Marc Tracy, giornalista del New York Times, ha messo in evidenza come la maggior parte delle piattaforme di streaming e delle società di distribuzione ora preferiscano investire in contenuti che promettono un maggiore ritorno economico e un pubblico più vasto, come i documentari true crime o quelli dedicati a celebrità e sportivi. Questa preferenza ha portato a una vera e propria marginalizzazione dei documentari che affrontano questioni sociali e di giustizia.
In risposta a questa situazione, film come “Union”, che affronta la sindacalizzazione di uno stabilimento di Amazon, e “Bibi Files”, un’inchiesta sul processo di corruzione contro Benjamin Netanyahu, hanno scelto di autopromuoversi. Questi documentari sono ora disponibili su piattaforme specializzate, come Jolt e Gathr, dove possono raggiungere un pubblico di nicchia, ma con la consapevolezza che ciò limita la loro visibilità e impatto potenziale.

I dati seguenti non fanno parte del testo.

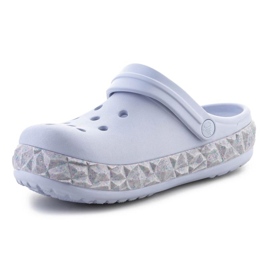 Chanclas Crocs Crockband Geométrica Glitter Band Clog 210134-5AF violeta 8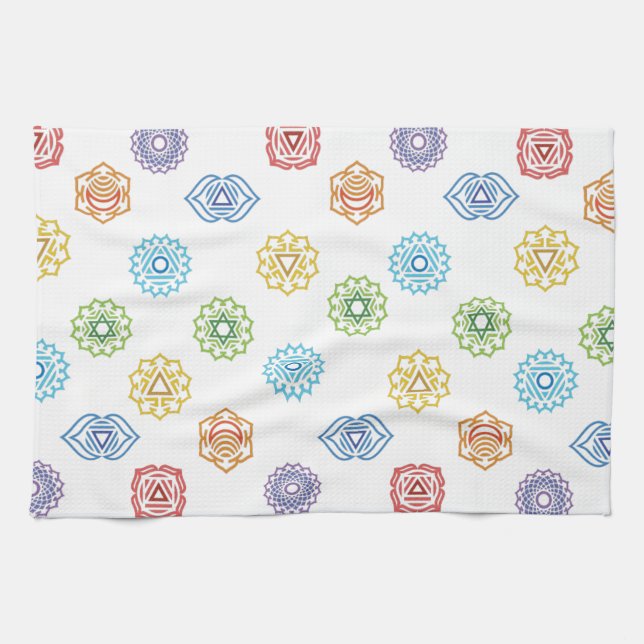 Chakra Energy Kitchtuch Geschirrtuch (Horizontal)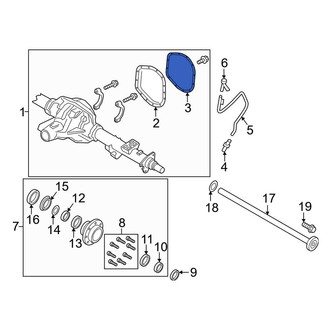 Ford OE - Axle Housing Cover Gasket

La crescente difficoltà per i documentari a trovare spazio nel mercato del cinema e delle piattaforme di streaming solleva interrogativi più ampi sulla libertà di espressione e sull’importanza di dare voce a storie spesso trascurate. La risonanza di “No Other Land” e delle sue tematiche rappresentative della lotta palestinese è un segno che ci sono storie che meritano di essere raccontate, eppure, per il momento, il loro accesso al pubblico rimane limitato. In un’epoca in cui i film possono influenzare l’opinione pubblica e contribuire a un cambiamento sociale, è cruciale interrogarsi su come e perché alcune storie vengano messe da parte, mentre altre, meno controverse, ottengono una visibilità sproporzionata.